Alongside shipping of grains, China's import of iron ore is set to continue to be a key driver for the demand growth in 2017 for the dry bulk shipping industry, according to international shipping association BIMCO.
During the first three months of 2017 the industry experienced an accumulated growth rate of 9.5% compared to the same quarter of 2016, marking the highest imported amount of seaborne iron ore for a first quarter.
The growth rate of Chinese imported iron ore in 2016 was constant throughout the year, as the annual volume broke into landmark territory, BIMCO said, adding that both the total iron ore import and total seaborne iron ore import volumes for 2016 exceeded 1 billion tonnes for the first time ever.
"Despite a growth of 7.5% in total imported iron ore for 2016, the growth in Chinese steel production remained limited at 1.2%. The reason for the increase in imported iron ore originates from China substituting domestically mined ore of low iron content for imported ore of much higher iron content and thereby, squeezing more domestically sourced iron ore out of the market," said Peter Sand, BIMCO's Chief Shipping Analyst.

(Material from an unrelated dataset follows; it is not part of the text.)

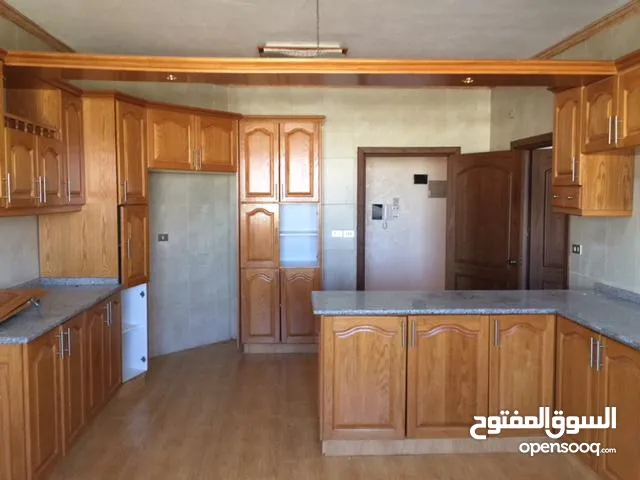 370 m2 4 Bedrooms Apartments for Rent in Amman Marj El Hamam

China imported 71.3 million tonnes of iron ore more in 2016 than the previous year, representing an increase of 7.5% compared to 2015. While the total Chinese import of seaborne iron ore achieved a growth rate of 7.7%, imports of iron ore by land dropped 4% in 2016 compared to 2015.

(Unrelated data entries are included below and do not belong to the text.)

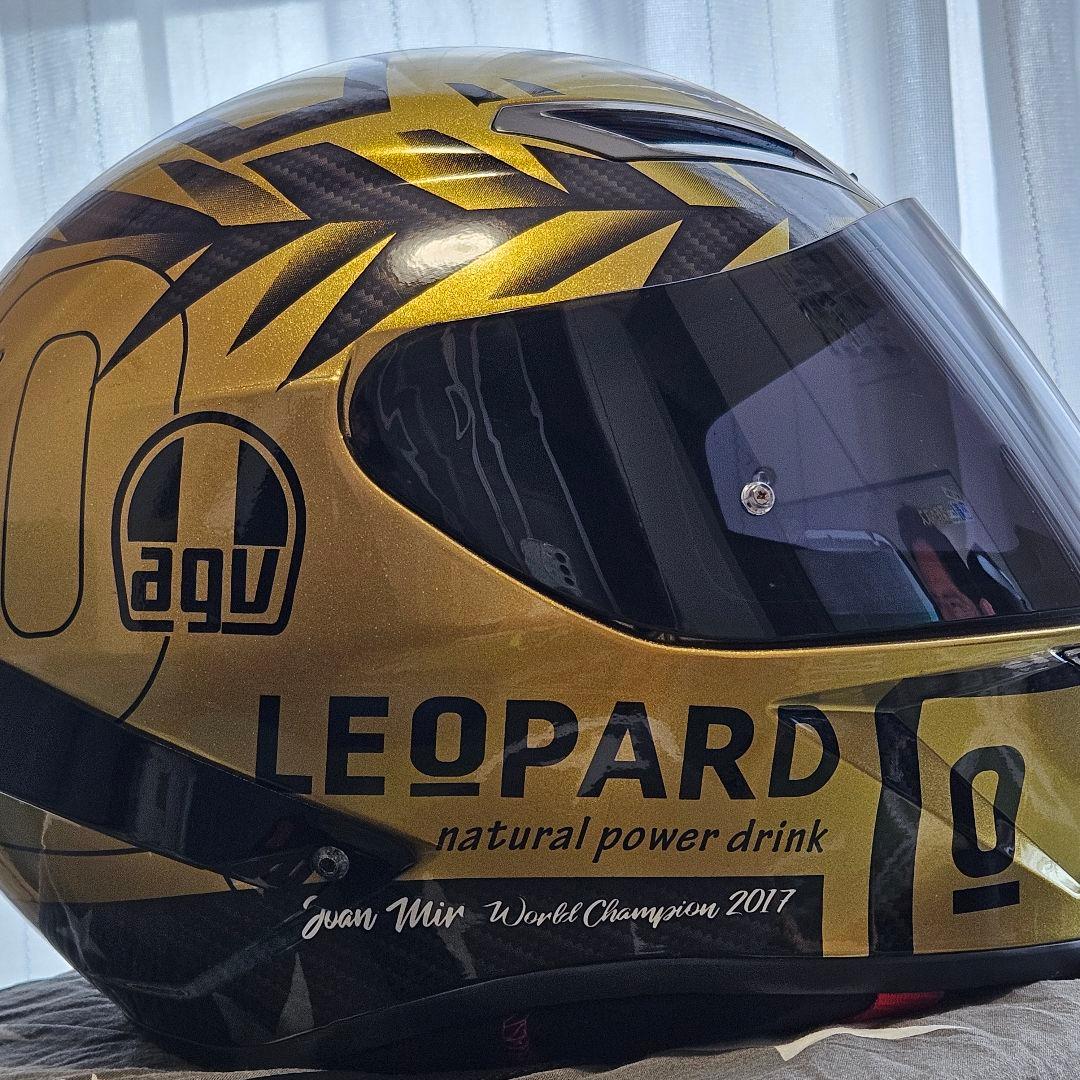 気まぐれ値下げ‼️本日最終日‼️AGV風ゴールドカーボン調 レプリカヘルメット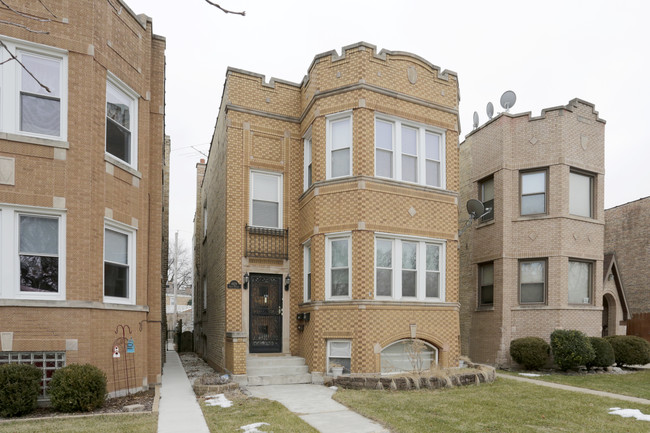 4929 N Menard Ave in Chicago, IL - Building Photo - Building Photo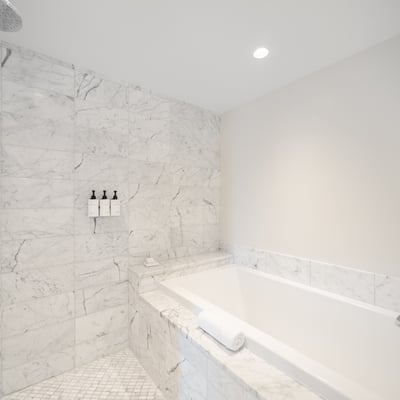 223 Saratoga Rd #3302, Honolulu, HI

"This is the best possible scenario for the dry bulk shipping industry, as land borne sources are being substituted for seaborne providers," according to BIMCO.
Brazil has grabbed a larger share of the growth in the Chinese iron ore import, as they have exported 12.1% more in 2016 compared to 2015. The growing Brazilian iron ore export to China has clawed market share from Australia, as Australian iron ore exports to China increased by 5.4%.
As the longest iron ore voyage, the Brazil-China route has brought an increase of 8.5% in tonne-miles in 2016.